*** Opening SUPPLIED INFORMATION ***

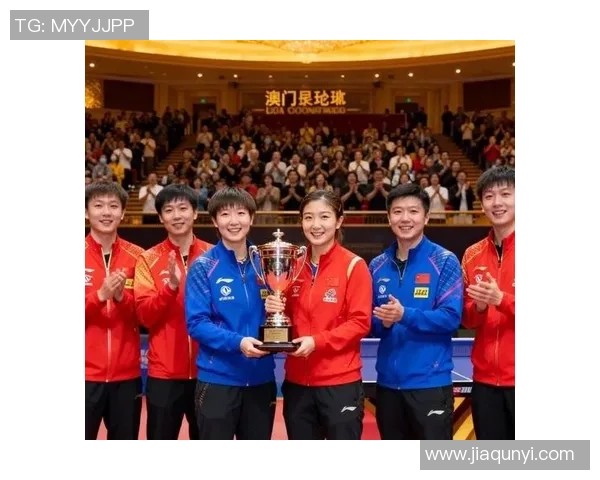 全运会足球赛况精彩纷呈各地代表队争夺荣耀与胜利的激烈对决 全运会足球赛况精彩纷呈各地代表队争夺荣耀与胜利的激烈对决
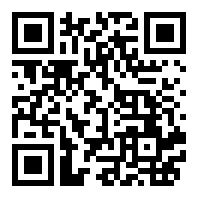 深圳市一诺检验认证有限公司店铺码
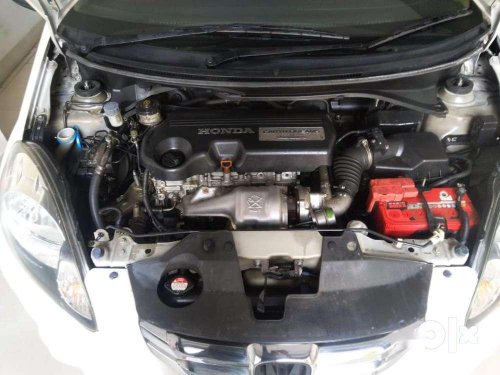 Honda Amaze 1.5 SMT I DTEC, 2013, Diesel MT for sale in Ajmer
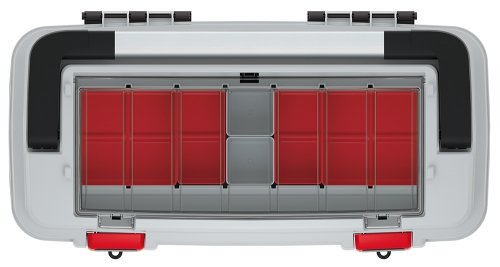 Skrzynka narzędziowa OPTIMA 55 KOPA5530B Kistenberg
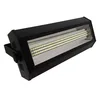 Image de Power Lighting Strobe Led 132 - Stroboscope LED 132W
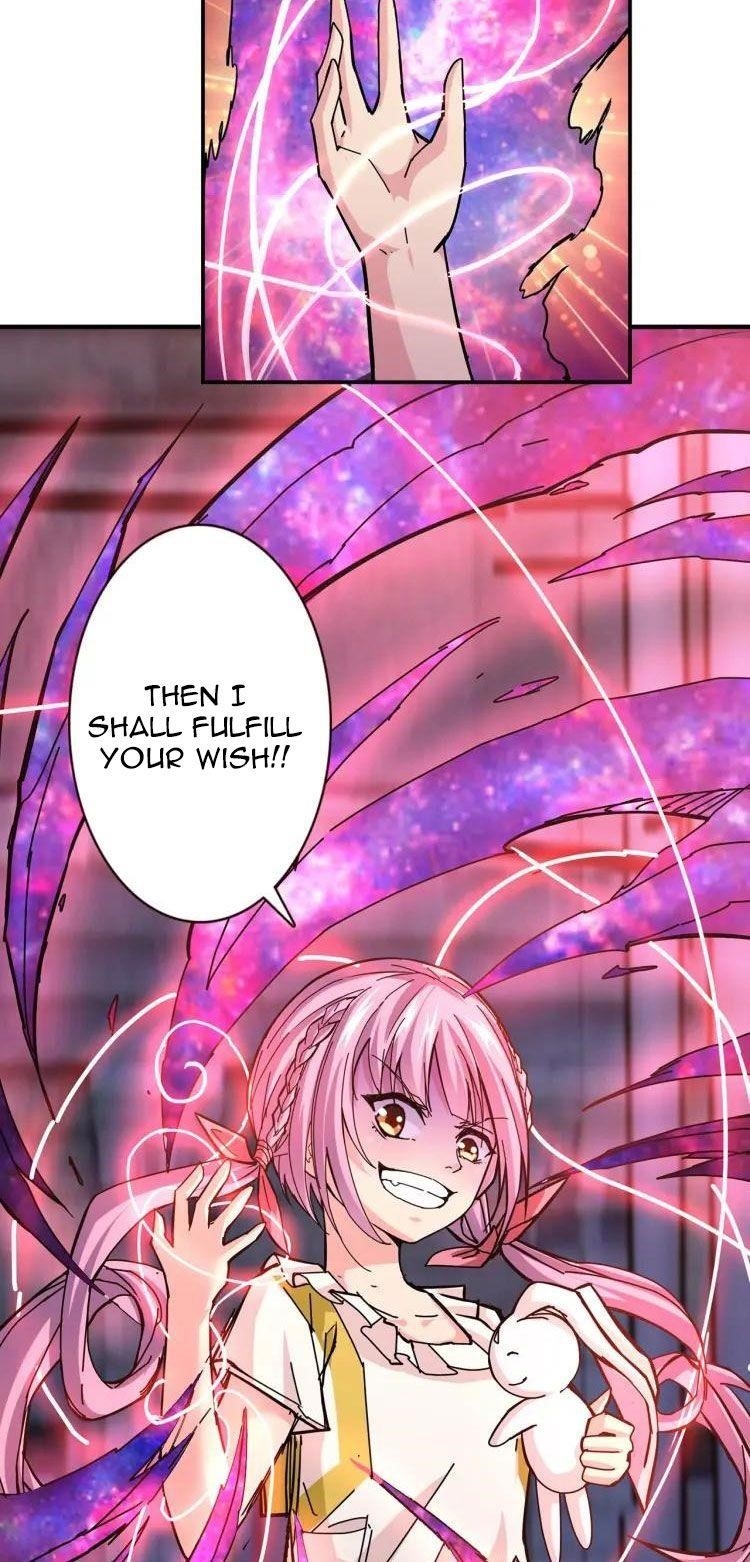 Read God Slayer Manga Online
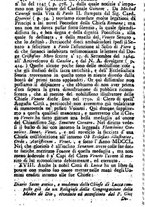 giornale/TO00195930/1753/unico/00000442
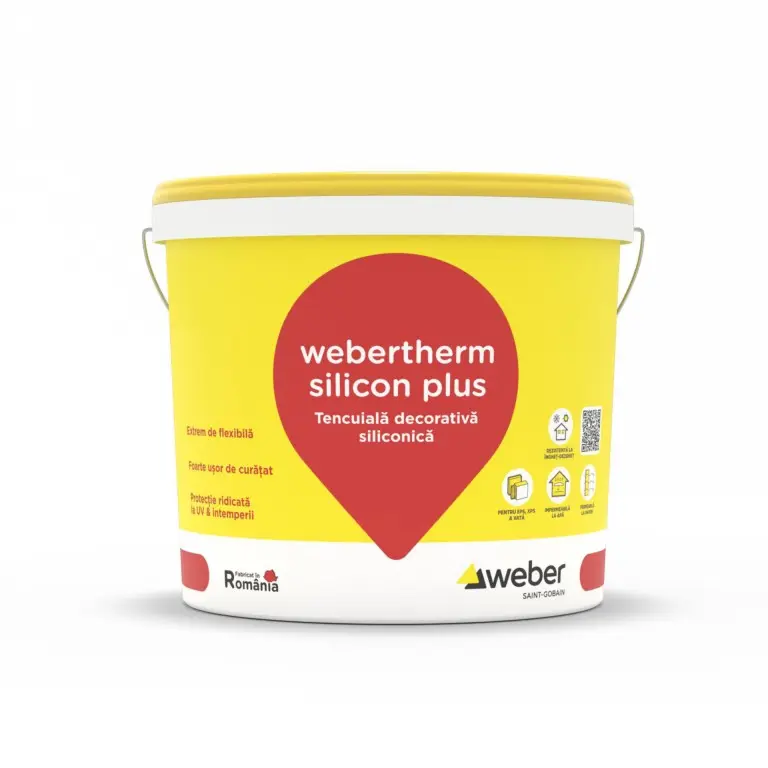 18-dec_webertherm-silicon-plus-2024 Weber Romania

*** Closing SUPPLIED INFORMATION ***

◆ EXERCISE INSTRUCTIONS ◆
Give back the full listing exactly as written, only without its pictures.

◆ TASK RESPONSE ◆
 全运会足球赛况精彩纷呈各地代表队争夺荣耀与胜利的激烈对决 全运会足球赛况精彩纷呈各地代表队争夺荣耀与胜利的激烈对决
 深圳市一诺检验认证有限公司店铺码
 Honda Amaze 1.5 SMT I DTEC, 2013, Diesel MT for sale in Ajmer
 Skrzynka narzędziowa OPTIMA 55 KOPA5530B Kistenberg
 Image de Power Lighting Strobe Led 132 - Stroboscope LED 132W
 Read God Slayer Manga Online
 giornale/TO00195930/1753/unico/00000442
 18-dec_webertherm-silicon-plus-2024 Weber Romania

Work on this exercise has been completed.